On another note, I once sent a really short vignette to New Yorker just to see if I had formatted the submission correctly; three months later they sent me a nice, formally worded piss-off letter, which I paraded around like a freshly crapped golden egg: "It's not just ANY rejection letter," I'd boast, "It's a fucking NEW YORKER rejection letter! Hell yeah!"

I haven't submitted anything since. I've written small pieces of which I'm proud, but nothing of good length that pleases the standards I've set for myself. I'm working on some such pieces now, but they've drained me rather profusely of sweat and blood, and are not up to publishing snuff quite yet. I hope for them to be soon.


----------



## Caragula

@Reject - that'll be the Conville and Walsh rejection letter then


----------



## dale

i can't tell if this is a form rejection or not. kind of cool if it's not, because it is a decent pro-pay pub. but i still don't
see how i'm supposed to take a rejection as "not a rejection". ha ha



> Dear Dale,
> 
> Thank you for sending us "Heaven on Earth." We appreciate the chance to read it. Unfortunately, the piece is not for us. We sincerely wish you the best in finding a home for your work. Please do not look at this as a "rejection." I honestly wish I had more room and resources to publish more writing. I truly hope you submit to XXXXXX Quarterly again.
> 
> Thanks again. Best of luck with this.
> Sincerely,
> 
> xxx xxxxx
> XXXXX XXXXXXXXXX LLC


----------



## Plasticweld

dale said:


> i can't tell if this is a form rejection or not. kind of cool if it's not, because it is a decent pro-pay pub. but i still don't
> see how i'm supposed to take a rejection as "not a rejection". ha ha




Not a rejection, poor Dale goes home alone.

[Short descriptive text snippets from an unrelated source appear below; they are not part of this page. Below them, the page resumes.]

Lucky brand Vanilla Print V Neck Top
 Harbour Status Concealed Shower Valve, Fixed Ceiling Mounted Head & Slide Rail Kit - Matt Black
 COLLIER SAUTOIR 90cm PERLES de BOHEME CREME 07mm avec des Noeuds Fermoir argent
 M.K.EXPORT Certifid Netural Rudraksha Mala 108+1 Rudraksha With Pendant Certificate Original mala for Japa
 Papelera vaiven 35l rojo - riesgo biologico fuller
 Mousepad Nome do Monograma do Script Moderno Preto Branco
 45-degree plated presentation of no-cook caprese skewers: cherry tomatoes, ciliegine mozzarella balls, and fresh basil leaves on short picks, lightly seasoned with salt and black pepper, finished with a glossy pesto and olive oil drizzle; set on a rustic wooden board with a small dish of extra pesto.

The lanky blond leaned over the bar, her hair hung down high-lighting her exquisite lines, she was beautiful in a simple way.  I approached  her, gave her my best pick up line,_ maybe I could bring her home.


_She was polite, in a smooth as silk southern accent, she told me she would be going home with someone, but not me.  She then said in a sly way. "While I would like to take home every guy in the bar, I can only go home with one.  Try me again on another night, I might just say yes."

Dale I'm not sure if she rejected you or not either....Bob


----------



## Deleted member 56686

dale said:


> i can't tell if this is a form rejection or not. kind of cool if it's not, because it is a decent pro-pay pub. but i still don't
> see how i'm supposed to take a rejection as "not a rejection". ha ha




I think it sounds like the classic line "It isn't you, it's me.":bomb:


----------



## dale

ha ha. oh my god. that does come off like something a woman would say. the editor was actually a man, though.


----------



## Plasticweld

dale said:


> ha ha. oh my god. that does come off like something a woman would say. the editor was actually a man, though.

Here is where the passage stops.